Los enemigos de la globalización no vienen sólo de la izquierda y el nacionalismo, también los liberales, lindantes con el anarquismo, aportan su cuota al grupo. Éstos sostienen que ningún tipo de comunidad ideal, incluida la global, puede ser viable porque los hombres son diferentes entre sí y no admiten una vida igual; la globalidad, según ellos, sería una nueva utopía que como todas terminaría en el totalitarismo. Esta conclusión sería lógica si sus premisas no fueran equivocadas. La globalidad no impone un estilo de vida único, sino que garantiza las condiciones de vida indispensables para que cada individuo o grupo humano -libre de las ataduras de tradiciones ancestrales- pueda realizar libremente sus propios proyectos. Si la economía no se lo permite, esto no debe atribuirse a la globalización sino a condiciones económicas y sociales inequitativas que ya existían antes.

El Estado nacional soberano fue creado para un mundo que ya no es el actual y, por consiguiente, se encuentra acosado en lo exterior por el inmenso poderío económico mundial y, en el interior, por la creciente complejidad de la sociedad actual y las demandas más exigentes de la población. Los Estados nacionales no van a desaparecer de un día para el otro, pero deberán renunciar, gradualmente, a su plena soberanía y a encuadrar su política en un contexto transnacional. Aunque no se haya logrado todavía la formación de una federación mundial de naciones, el poder efectivo se está diversificando. Cada vez más el Estado nacional tiene menos capacidad de decisión dentro de sus propias fronteras y debe competir con las autonomías de las regiones, de las ciudades, o con agrupaciones extraestatales. En el plano internacional, el Estado nacional rivaliza no ya sólo con otras naciones sino con grandes organizaciones transnacionales económicas, sociales, científicas, técnicas.

Los desequilibrios y límites de la globalización provienen de la incapacidad de la tecnología y del mercado para resolver los problemas sociales. La política, por su parte cercada por el orden nacional, es igualmente impotente para garantizar la estabilidad económica o poner freno a los peligros de una tecnología sin control. La consecuencia no deseada de la velocidad en las comunicaciones trajo el predominio del capital especulativo sobre el productivo que facilita la corrupción y el surgimiento de una nueva clase rica, tan carente de todo escrúpulo como de cultura, y que toma a los Estados nacionales como rehenes.

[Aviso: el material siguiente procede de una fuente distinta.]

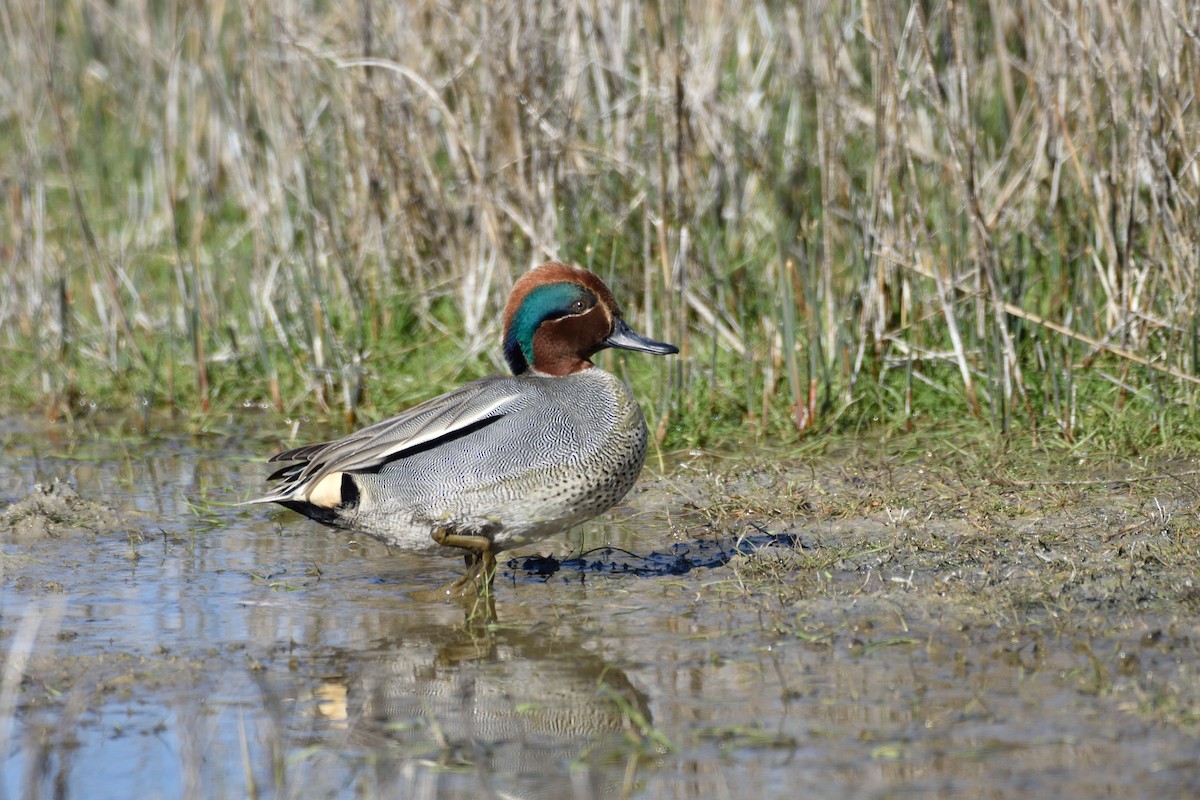 Green-winged Teal - Santiago Caballero Carrera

El logro de un cambio profundo en lo social, político y cultural impone un desarrollo democrático y racional del proceso de globalización y la conciencia de que su fracaso llevaría a la humanidad a tiempos oscuros.

Los anti-globalizadores alegarán que la carrera armamentista de grandes o pequeñas naciones, los conflictos como los de Cisjordania y la Franja de Gaza, la ex Yugoslavia o Bosnia, la crisis económica de la Unión Europea, la violencia en Ruanda o Somalia, el resurgimiento del fundamentalismo musulmán o de los populismos, y la obsesión por las identidades nacionales o étnicas en América latina, estarían mostrando cómo el apego a la tierra o a las culturas particularistas no está en decadencia. Por cierto que el progreso nunca ha sido una línea recta: los obstáculos para la consolidación de una democracia mundial y el retorno de los nacionalismos en algunos países de Europa y de América latina -y el consiguiente retroceso de la globalización política- son un peligro siempre presente.

Un fracaso momentáneo del proceso de globalización no traerá tal vez el advenimiento de un nuevo Hitler ni una tercera guerra mundial -la historia no se repite en formas idénticas- pero sí provocará catástrofes impredecibles, signos de la defensa desesperada de lo que está destinado a morir.

La historia ha sido magnífica en la producción de cambios inesperados. Como en todos los períodos de transformación, nuestro tiempo está pleno de contradicciones, incertidumbres y riesgos que engendran temor ante el futuro, nostalgia por un pasado idealizado, añoranza de un paraíso perdido que nunca existió. Sin embargo, el mundo global ofrece grandes esperanzas y renovadas posibilidades de alcanzar, gracias a la tecnología de avanzada y a los nuevos hábitos, un conocimiento y una libertad inéditos.